Many of you, my "in real life" friends, know that this summer, on July 13, my husband, Andre, suddenly and unexpectedly took his own life.  He had struggled most of his life, and certainly all of our marriage, with mental illness.  He had refused to seek help, and no matter how hard we worked on perfecting our steps together, his demons won.

Our dance together has ended, but I am trusting that somehow, the music will go on.  I even have a hope for much farther down the dance-card, that I will dance again.

But for now, as the kids and I work on clearing the emotional and financial chaos left by Andre's death, I am reflecting on all the people who stepped up to pick me up from the floor and offer me something to help cover the rip.

There were friends who came right away and helped me deal with the first responders, wash the blood off my hands and feet, make a plan for telling my kids.  Friends who came and kept vigil in my house that night, comforting my nervous dog and starting the process of notifying others who could help.  Someone took me and my kids to her house that night, put us in clean, cozy beds, prayed the rosary aloud to help me sleep, and fed my kids Pop-tarts and silly breakfast cereal in the morning.

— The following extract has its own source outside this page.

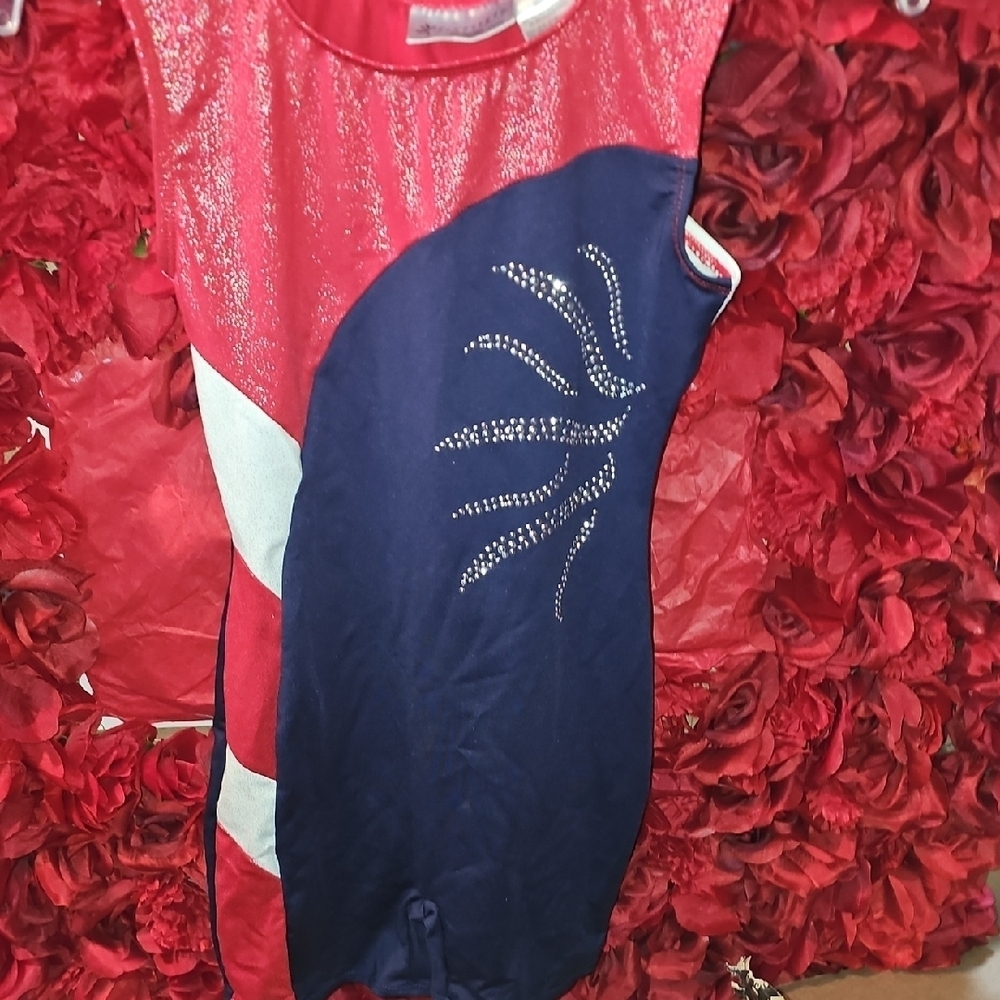 Freestyle Danskin Red and Blue Gymnastics Biketard with Rhinestones Size 10/12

My church's youth staff arrived within an hour to be with my kids that night and stayed well into the wee hours of the morning, and then returned by mid-day the next day to  take them out for frisbee-throwing, walks, and slurpees, and to let them cry as needed.  One brave staffer even braved the jungle of my son's room to help dig out some items that needed to disappear for a while.

Friends arrived to do my dishes, wash the laundry, put away Andre's things, and fill the fridge with groceries.  One friend set up a website to schedule meals brought in, while another friend set up another website to notify our larger community and collect memorial donations. A team of fearless women (with strong backs and wonderful humor) helped me reclaim the master bedroom by moving all the furniture, re-arranging the pictures on the walls, sprinkling holy water and prayers, with a generous dose of sitting and listening to me cry.

And that was just in the first two days !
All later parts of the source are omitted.